Wednesday, November 28, 2007

feelgood holiday shopping

Almost December.

I am taking a break from freaking out about the impending end of the semester to indulge in some holiday consumerism.

Okay, so not quite. The stupid conscience is at it again. True, on this year's "Buy Nothing Day" (i.e. Black Friday) I was at my in-laws' in West Virginia, several ridges away from anywhere one could possibly hope to buy anything. But I often have Buy Nothing Day here at home. It's pretty easy when you don't have a whole lot of disposable income.

Still, the holidays are upon us. Somehow Chanukah is next week already. And I admit it, I actually do like holiday shopping. I've even been to the mall on Christmas Eve Day on several occasions for last-minute gifts, and I haven't killed anyone. But these days I figure, if I'm going to buy a bunch of stuff, maybe I should know where some of it is made, or at least feel like I'm giving something beyond the scope of my friends and relations.

Here are a couple of my suggestions for gifts you can feel good about buying:

  • Check out Etsy for handmade gifts from people like my friend Xiane. If you don't have any friends who are vendors, try using the Geolocator feature to find out who's near you.

  • If you live in Baltimore, stop by the Woman's Industrial Exchange for gifts made by local consignors.

  • Another Baltimore opportunity (sorry, my brain still kind of lives there): the Greater Homewood Adult Literacy and ESOL Program, where spent a year as an AmeriCorps volunteer, is having a great fundraising event at the Barnes & Noble in Charles Village this Saturday. Buy books you would have bought anyway and support a great cause!

  • Look around your own neighborhood for holiday craft sales. There are at least two around here this weekend.

  • And, of course, Craigslist. And for that matter, eBay, the thrift store, the flea market.
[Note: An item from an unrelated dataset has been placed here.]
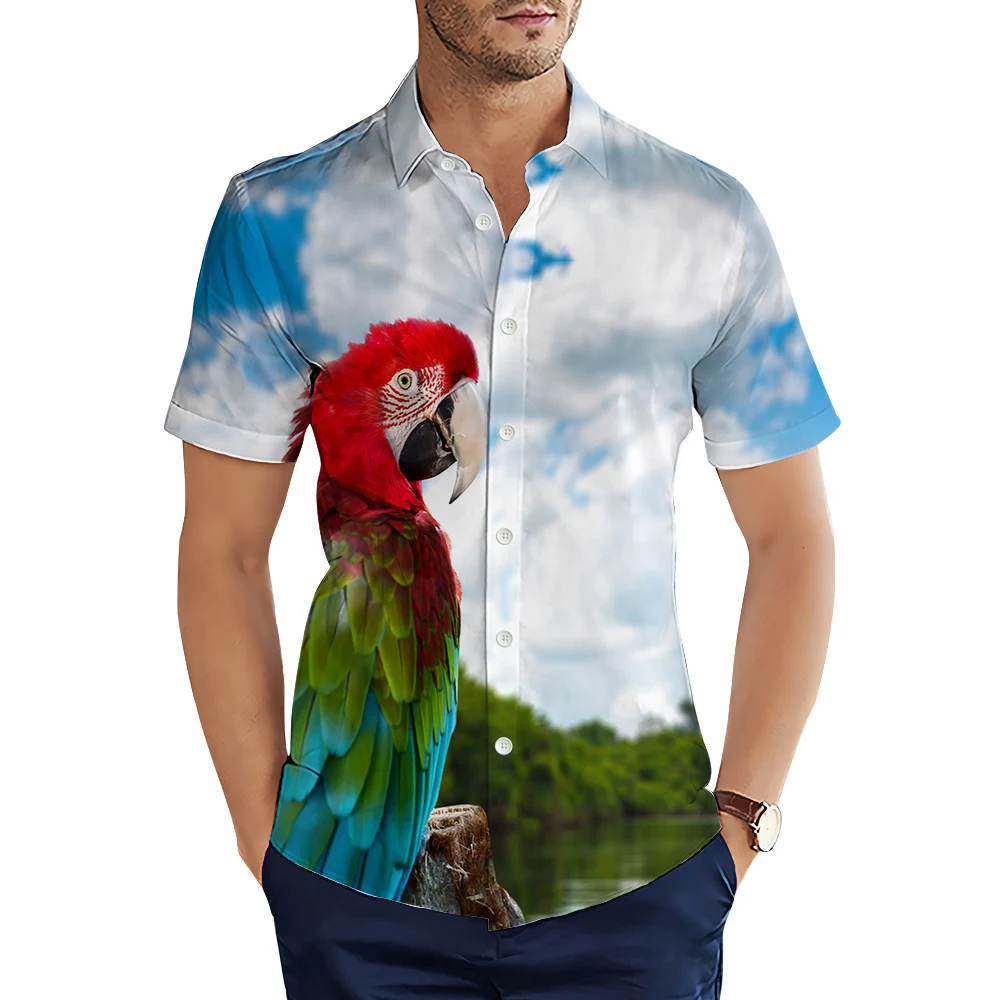 

Men's Shirts Hawaiian Casual Button Shirts Funny Macaw Graphics 3D Printed Short Sleeve Beach Blouses Summer Male Tops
You have to be a little discerning, but know what they say about one man's trash? You buy (or get for free) something for your loved ones. Someone else gets rid of it. It's a win-win. Last year I drove out to Owings Mills and picked up a big ridiculous stuffed dolphin from a couple who had absolutely no use for it and wanted it out of their house. It ended up being a certain five-year-old's favorite Chanukah gift, and remains camped out as the only stuffed animal in her bed to this day. It doesn't matter to her what I paid (or in this case, didn't pay) for it.

  • Making your own gifts never goes out of style!
What are your suggestions for a reduced-guilt holiday?

1 comment:

maria said...

the day after i posted this, what should appear on but a similar sort of list with lots of good suggestions.